These rights can also be violated when a work or services contract is drawn up. In the specific case of contracts entered into by individuals and the State, there is no negotiation in Cuba: either one accepts what the State decides or one does not receive the service.
Another way in which customer rights can be violated has to do with the warranty term of some products or the lack of such warranties for many products. The list of violations and mistreatment goes on and on.
In view of this, a group of citizens has created the Protected Customers and Users (CUP) project, to monitor, look into and make demands in connection with these and other violations that take place in the State and private sectors. Part of our work also consists in trying to offer solutions to some of these problems.
Our objectives include promoting new rights, regulating advertisement and offers aimed at the public, reporting on abusive practices and fighting against institutional and private impunity, as well as demanding basic quality guarantees for goods, services and consumer products.
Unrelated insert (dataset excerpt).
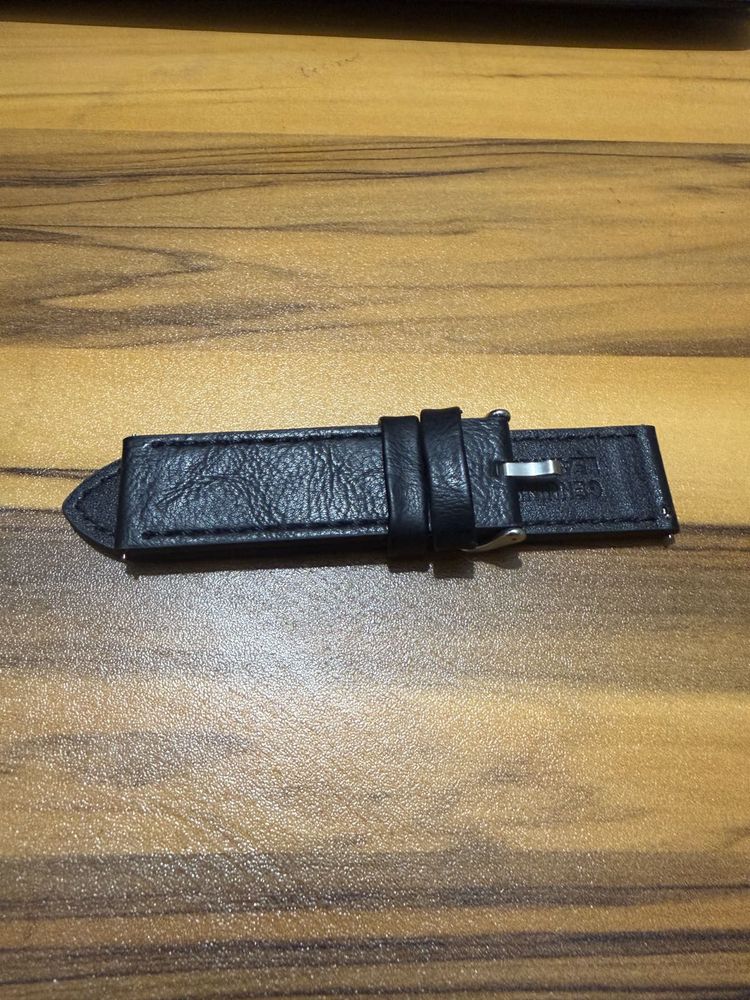 Black Leather Watch Strap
We also seek to develop alternative quality control mechanisms that are independent of State regulatory institutions, encourage the participation of users and consumers in the establishment of agreements between producers and suppliers of goods and services and the public.
We will also be receiving and publishing complaints and suggestions from users and customers. At our blog, www.cupencuba.wordpress.com, people will be able to learn of our activities and proposals, and read related texts from other groups or individuals.
To date, we have had an active exchange with the Empresa Electrica Provincial de la Habana (Havana Provincial Electric Company) and Coppelia ice-cream parlor, two Cuban institutions that are a telling example of mistreatment and inefficiency.
We hope other citizens will join this project, with which we seek to learn to protect our rights. Let us not forget that we are all consumers.